It's like in fellowship of the rings what does the door say "speak friend and enter". Gandalf tries a bunch of things and they don't work and then Frodo is like what's the dwarf or elf or whatever word for friend and boom door opens
That's the high mark of puzzle doors. Nothing will ever beat that.
"Mellon..."
This isn't a stupid puzzle, it can help remind players that just because they're in a game they should still have manners. This is something I would pull on the player that demands to pay even less, on top of a bargain, at the shop. Or better yet this is a perfect puzzle for someone's first time. It could be a gateway to the world you've created and a stone tablet in front of the door says, "while you're here, don't forget what mama taught you" i have the type of players that would remember that line and take it to heart for many sessions to follow. This isn't a bad puzzle, it just needs some context/reason.

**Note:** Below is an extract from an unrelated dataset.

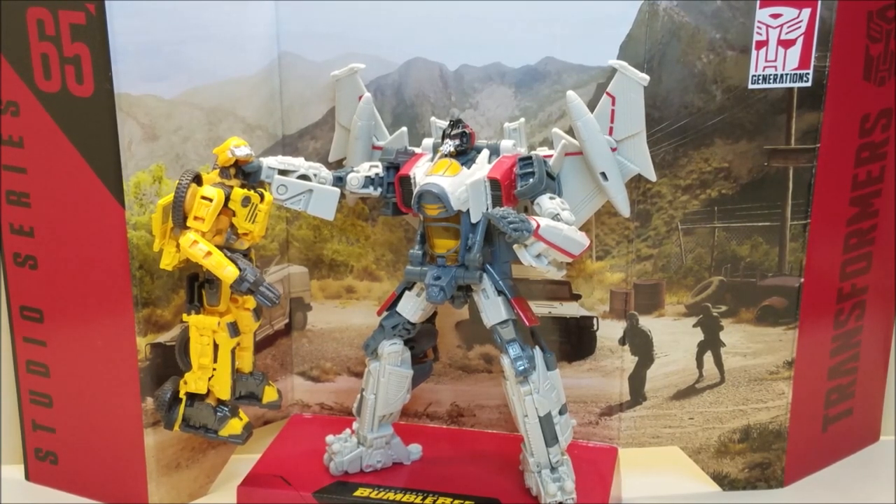Final verdict for Studio Series 65 Blitzwing: I love this toy. The jet is a good looking jet — it's not the correct jet from the movie, but it's still a very good looking jet mode with not a lot of kibble, so a very nice alt mode. The robot mode is beautiful — right out of the movie, he looks big, imposing, and dangerous. He is just a very nice, screen-accurate figure. The transformation is simple but still intricate and complex enough to be entertaining and fun — you don't dread doing it, you want to do it over and over. The interactivity with Bumblebee and the scene recreation make this an absolutely fantastic figure. That about covers the Studio Series 65 Bumblebee Movie Voyager class Blitzwing.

i think the part that confuses me is that the npcs that had been around the door for who knows how long also never said "please", which i think is a little ridiculous.
I wouldn't punish players for trying to pay less money. That's called haggling, and it's normal. That's what contested rolls are for. Now, if they build a bad rep with a shop or town, then they could be punished by having less ability to haggle. People who build a good rapport with a shop might automatically accrue discounts. Outright punishing someone for haggling seems a bit too heavy handed.
It's kinda stupid though. It's a puzzle that even in-game is meant to be solved because the true goal is not to block entrance, but to teach a lesson. Thus, it either needs more hints that a specific word is needed or any attempts at being polite should work.
I solved it based on the context provided in this video, but if I was a player and tried being polite, then I would stop trying that, which is exactly what happened with this party.
Just make a bigger deal out of the hand. Have it slap someone and describe how its index finger wiggles in the air like a disappointed mother would do when a child misbehaves.
@@OtsegoKid I love haggling but when my player has been in the shop for 30 minutes taking time away from the other people at the table after he's already gotten half off and a mission that he's going to get paid for it's no longer haggling
@@M1sterSh4ggy Then make them use a real life skill. Have a timer, like an hour glass, that's only 30 seconds, or a minute. Tell them they have until the time is up to finish their dealings, and if they fail, then they fail. Some might call that a dick move, but hey, so is wasting game time. Just use discretion on how often you use it.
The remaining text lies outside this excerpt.